<<<<

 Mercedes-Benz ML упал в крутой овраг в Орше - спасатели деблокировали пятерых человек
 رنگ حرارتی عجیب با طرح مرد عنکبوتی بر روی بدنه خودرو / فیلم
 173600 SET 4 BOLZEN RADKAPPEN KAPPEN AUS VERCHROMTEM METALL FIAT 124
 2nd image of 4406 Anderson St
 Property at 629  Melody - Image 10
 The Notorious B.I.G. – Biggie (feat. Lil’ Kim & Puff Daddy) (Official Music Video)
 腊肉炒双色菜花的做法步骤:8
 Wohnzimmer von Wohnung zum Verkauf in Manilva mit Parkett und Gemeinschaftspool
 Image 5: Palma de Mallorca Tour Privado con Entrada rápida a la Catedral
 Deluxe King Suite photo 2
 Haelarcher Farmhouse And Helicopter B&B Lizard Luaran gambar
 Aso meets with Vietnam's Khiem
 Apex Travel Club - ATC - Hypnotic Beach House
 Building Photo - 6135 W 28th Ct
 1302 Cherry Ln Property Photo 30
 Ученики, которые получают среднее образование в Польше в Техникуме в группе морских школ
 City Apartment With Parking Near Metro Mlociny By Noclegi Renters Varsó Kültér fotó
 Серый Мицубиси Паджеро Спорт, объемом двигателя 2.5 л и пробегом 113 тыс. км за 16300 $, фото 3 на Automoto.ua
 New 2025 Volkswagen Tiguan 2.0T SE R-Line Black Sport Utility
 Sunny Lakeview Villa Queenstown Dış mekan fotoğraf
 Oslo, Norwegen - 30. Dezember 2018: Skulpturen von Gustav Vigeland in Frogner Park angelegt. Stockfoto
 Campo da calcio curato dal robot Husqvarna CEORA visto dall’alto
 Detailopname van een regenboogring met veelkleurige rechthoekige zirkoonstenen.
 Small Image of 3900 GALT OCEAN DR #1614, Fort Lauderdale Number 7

>>>>

**WHAT YOU SHOULD DO**
The records above are to be given again in full, word for word.

**REPLY**
 Mercedes-Benz ML упал в крутой овраг в Орше - спасатели деблокировали пятерых человек
 رنگ حرارتی عجیب با طرح مرد عنکبوتی بر روی بدنه خودرو / فیلم
 173600 SET 4 BOLZEN RADKAPPEN KAPPEN AUS VERCHROMTEM METALL FIAT 124
 2nd image of 4406 Anderson St
 Property at 629  Melody - Image 10
 The Notorious B.I.G. – Biggie (feat. Lil’ Kim & Puff Daddy) (Official Music Video)
 腊肉炒双色菜花的做法步骤:8
 Wohnzimmer von Wohnung zum Verkauf in Manilva mit Parkett und Gemeinschaftspool
 Image 5: Palma de Mallorca Tour Privado con Entrada rápida a la Catedral
 Deluxe King Suite photo 2
 Haelarcher Farmhouse And Helicopter B&B Lizard Luaran gambar
 Aso meets with Vietnam's Khiem
 Apex Travel Club - ATC - Hypnotic Beach House
 Building Photo - 6135 W 28th Ct
 1302 Cherry Ln Property Photo 30
 Ученики, которые получают среднее образование в Польше в Техникуме в группе морских школ
 City Apartment With Parking Near Metro Mlociny By Noclegi Renters Varsó Kültér fotó
 Серый Мицубиси Паджеро Спорт, объемом двигателя 2.5 л и пробегом 113 тыс. км за 16300 $, фото 3 на Automoto.ua
 New 2025 Volkswagen Tiguan 2.0T SE R-Line Black Sport Utility
 Sunny Lakeview Villa Queenstown Dış mekan fotoğraf
 Oslo, Norwegen - 30. Dezember 2018: Skulpturen von Gustav Vigeland in Frogner Park angelegt. Stockfoto
 Campo da calcio curato dal robot Husqvarna CEORA visto dall’alto
 Detailopname van een regenboogring met veelkleurige rechthoekige zirkoonstenen.
 Small Image of 3900 GALT OCEAN DR #1614, Fort Lauderdale Number 7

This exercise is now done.